Task inputs:

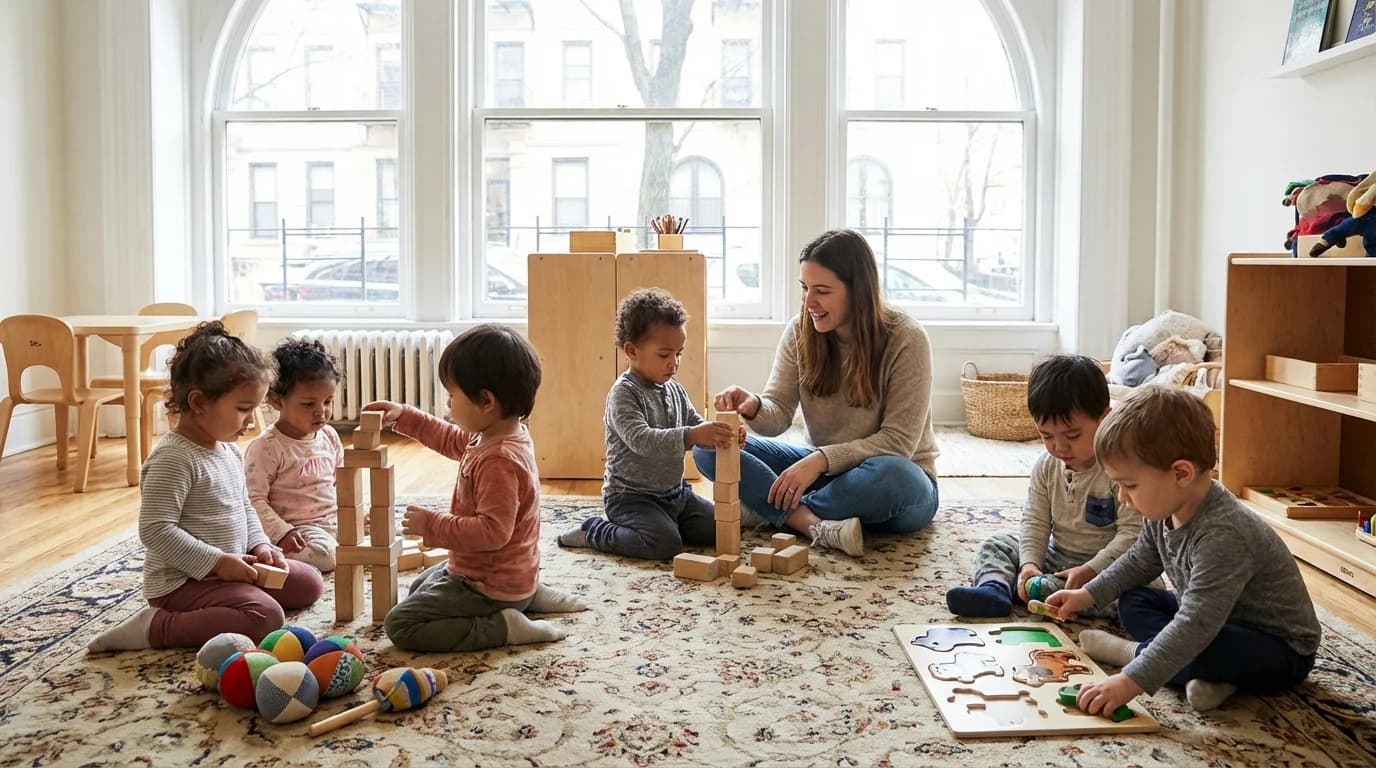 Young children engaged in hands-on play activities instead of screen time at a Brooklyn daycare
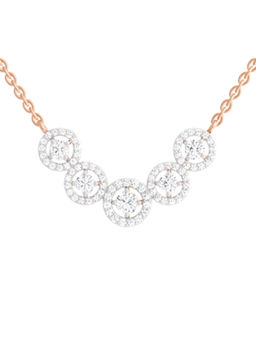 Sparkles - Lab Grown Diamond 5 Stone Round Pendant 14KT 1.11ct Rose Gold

...

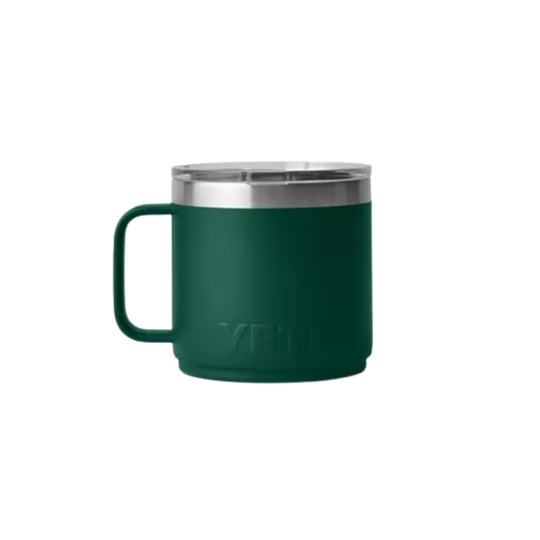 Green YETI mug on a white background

...

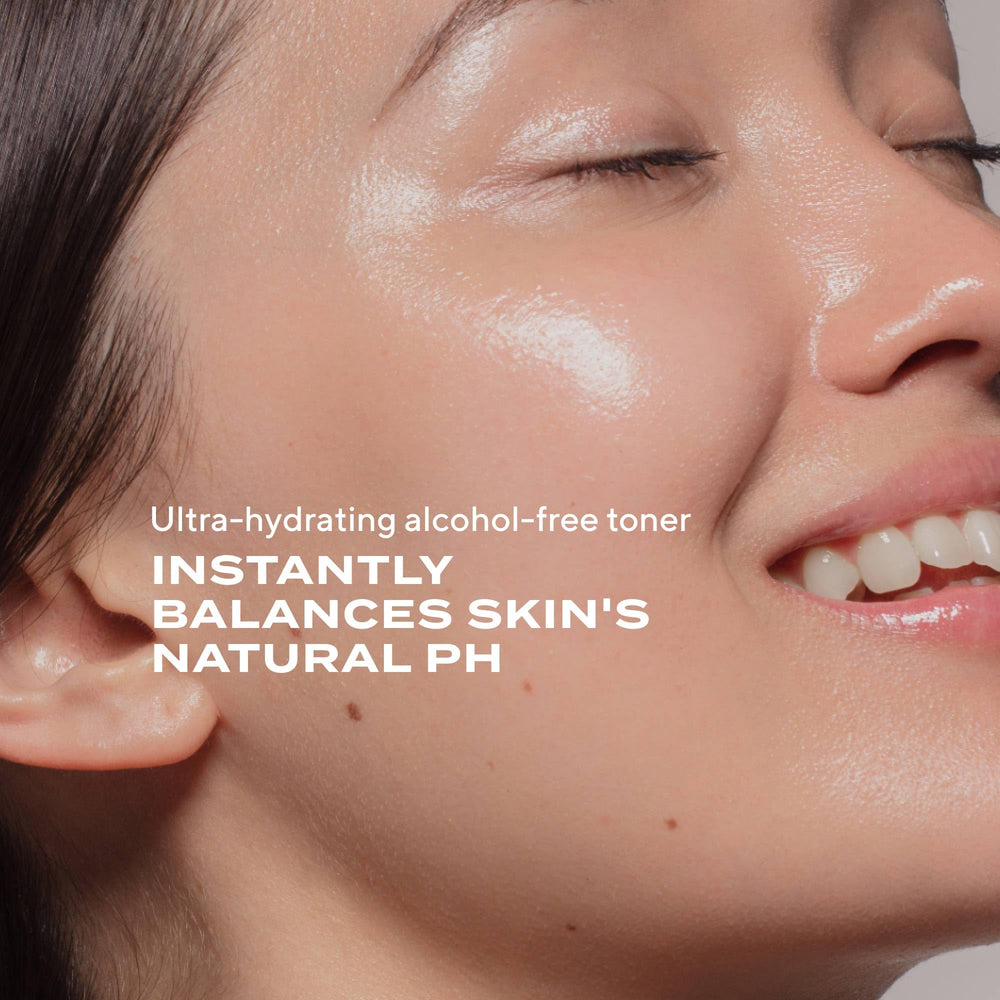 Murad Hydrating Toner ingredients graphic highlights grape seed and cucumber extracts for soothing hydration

What you will do: Copy out exactly the lines above beginning with the line that contains "Young children engaged" and finishing with the line that contains "Sparkles - Lab", including both; leave the pictures out.

Reply to the task:
 Young children engaged in hands-on play activities instead of screen time at a Brooklyn daycare
 Sparkles - Lab Grown Diamond 5 Stone Round Pendant 14KT 1.11ct Rose Gold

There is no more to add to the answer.